* Material provided:
┌──

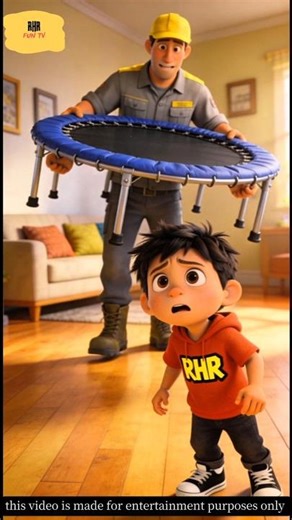 Chintu ka trampoline kyu le gaye! 😱 #shorts #trending #cartoon #luckygameplay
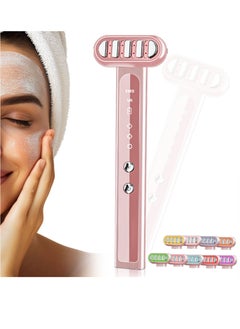 Excefore Light-Therapy-Wand, Red Light Therapy Wand for Face & Eyes & Neck, Rechargeable Led Facial Light Therapy 9 Colors Eye Beauty Wand Face Massager, for Skin Rejuvenation at Home (Pink)  - Image 1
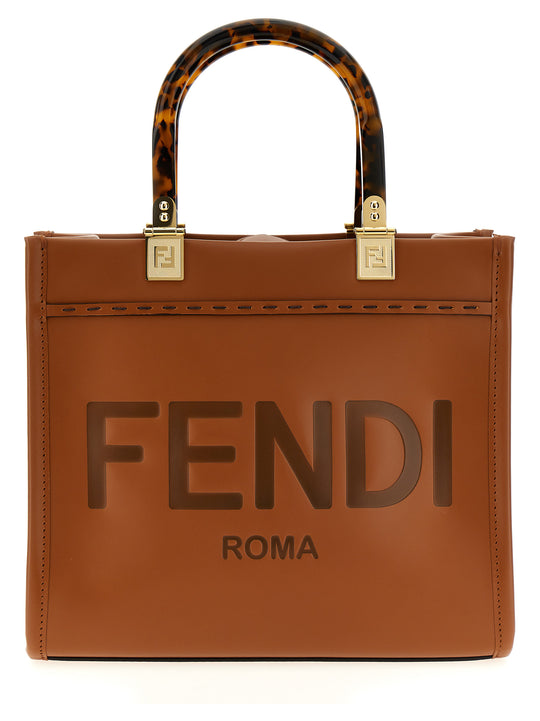 Fendi Sunshine Small Hand Bags Brown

└──

* Aim of the exercise: Pictures excluded, write out exactly and only the lines of the material from the one containing "Excefore Light-Therapy-Wand, Red" up to and including the last line.

* Result of the exercise:
 Excefore Light-Therapy-Wand, Red Light Therapy Wand for Face & Eyes & Neck, Rechargeable Led Facial Light Therapy 9 Colors Eye Beauty Wand Face Massager, for Skin Rejuvenation at Home (Pink)  - Image 1
 Fendi Sunshine Small Hand Bags Brown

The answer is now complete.